BEGIN

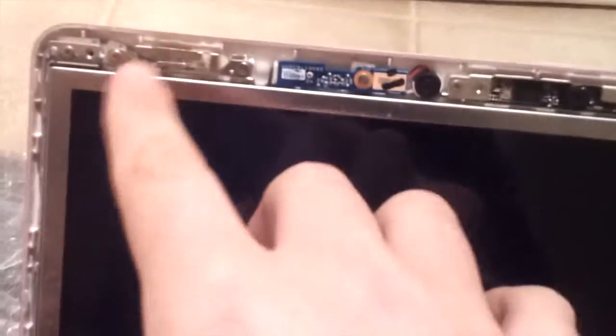Now once you're done doing that, you'll want to remove any screws that are holding the screen in place — like over there and there. There are also sometimes a few screws around here and on the opposite side as well.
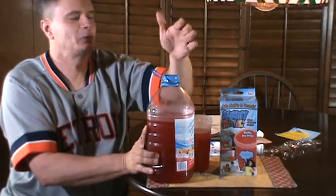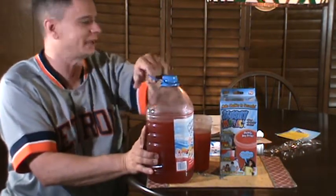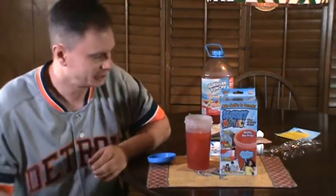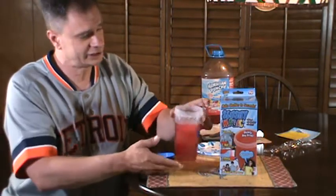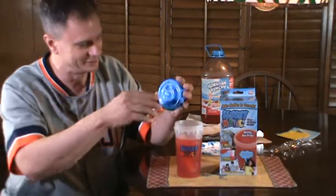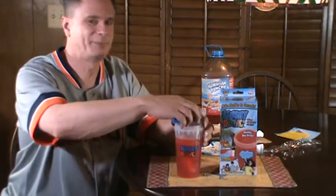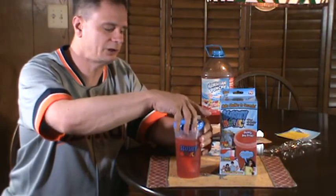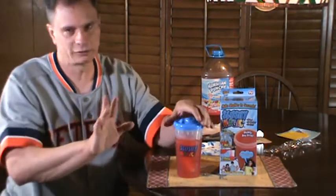Here we go, everybody — Slushy Magic, as seen on TV. I could just imagine those cheesy as-seen-on-TV commercials: 'No need to take your kids to 7-Eleven every day for a slurpee — you can now have Slushy Magic!' Alright, let me get back into the product review here.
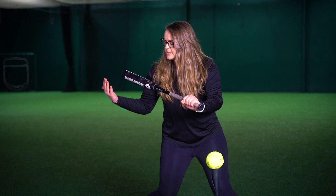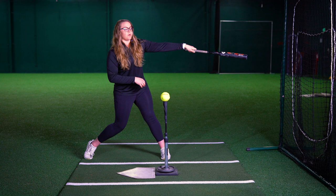In this position, we're also creating our whip, which means with this barrel inside, we can really throw our wrist or unlock that wrist and explode through towards extension.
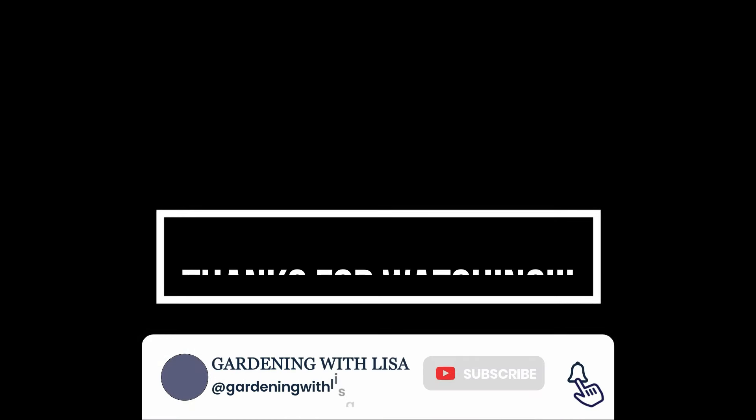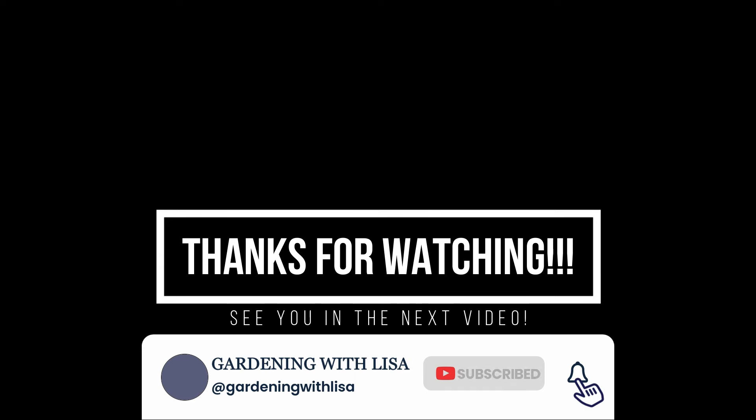And even though Mr. No Shoulders and the ants and the turtles and everybody else who like to bother me and bother my plants — I still enjoy gardening more than anything else. It helps mentally. So if you like the video give me a thumbs up please, and if you haven't already hit the button and hit the notification bell. Stay safe, stay well, and I will see you in the next video. Bye bye!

END

→ How to complete this task: Transcribe the material above in full. No picture is to be copied.

→ Task result:
Now once you're done doing that, you'll want to remove any screws that are holding the screen in place — like over there and there. There are also sometimes a few screws around here and on the opposite side as well.
Here we go, everybody — Slushy Magic, as seen on TV. I could just imagine those cheesy as-seen-on-TV commercials: 'No need to take your kids to 7-Eleven every day for a slurpee — you can now have Slushy Magic!' Alright, let me get back into the product review here.
In this position, we're also creating our whip, which means with this barrel inside, we can really throw our wrist or unlock that wrist and explode through towards extension.
And even though Mr. No Shoulders and the ants and the turtles and everybody else who like to bother me and bother my plants — I still enjoy gardening more than anything else. It helps mentally. So if you like the video give me a thumbs up please, and if you haven't already hit the button and hit the notification bell. Stay safe, stay well, and I will see you in the next video. Bye bye!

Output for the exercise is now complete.